## Assignment
Copy the data below exactly. Any pictures in it should be omitted.
===== Collected material =====
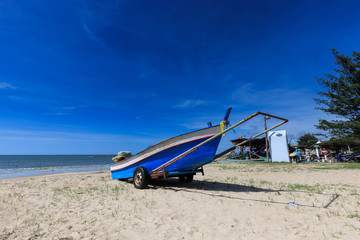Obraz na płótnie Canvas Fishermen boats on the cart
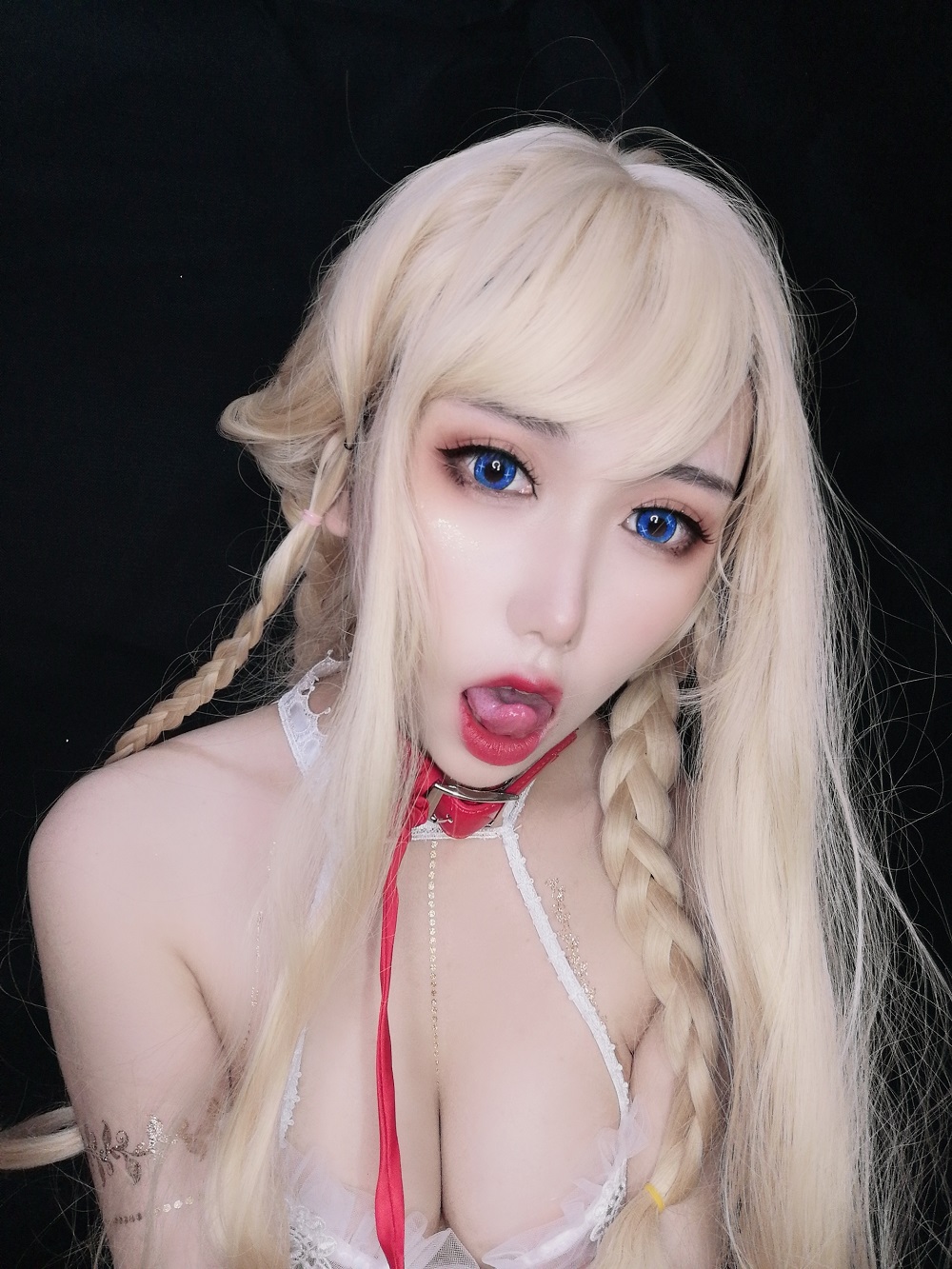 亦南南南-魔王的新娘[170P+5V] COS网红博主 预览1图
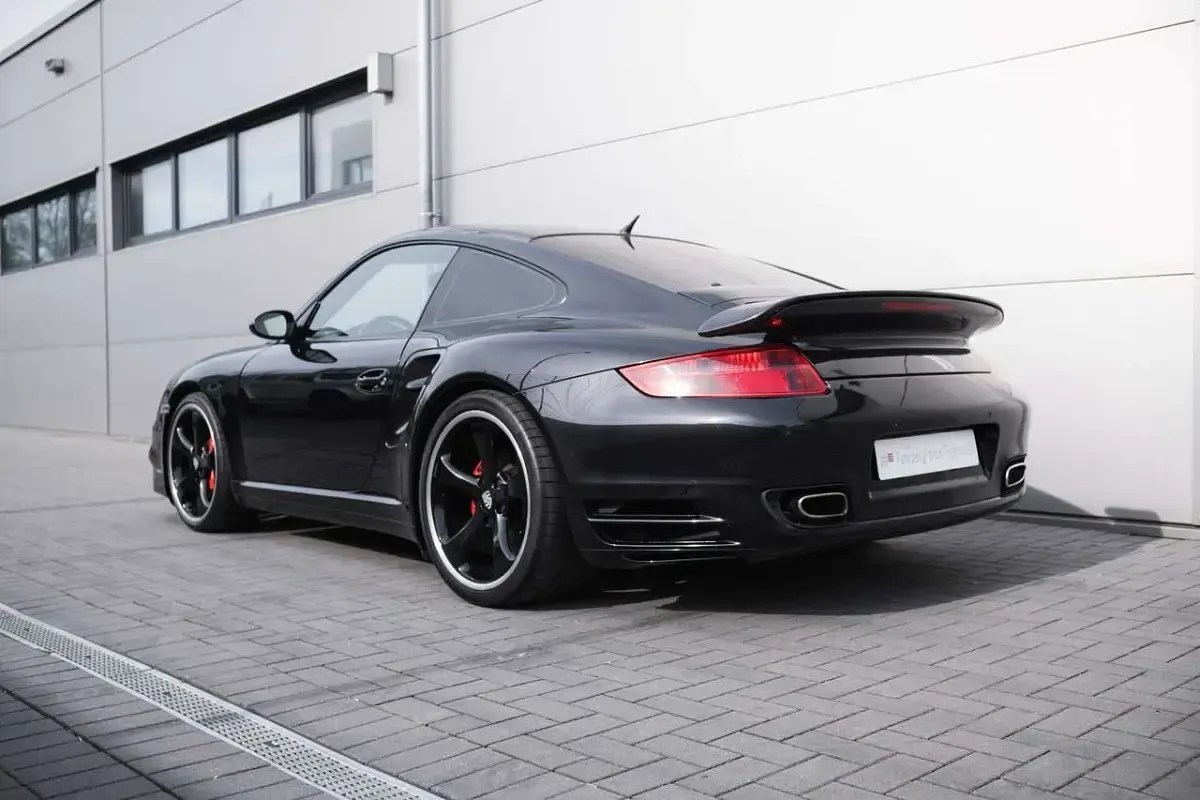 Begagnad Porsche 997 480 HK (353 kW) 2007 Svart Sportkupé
=====
## Answer section
Obraz na płótnie Canvas Fishermen boats on the cart
 亦南南南-魔王的新娘[170P+5V] COS网红博主 预览1图
 Begagnad Porsche 997 480 HK (353 kW) 2007 Svart Sportkupé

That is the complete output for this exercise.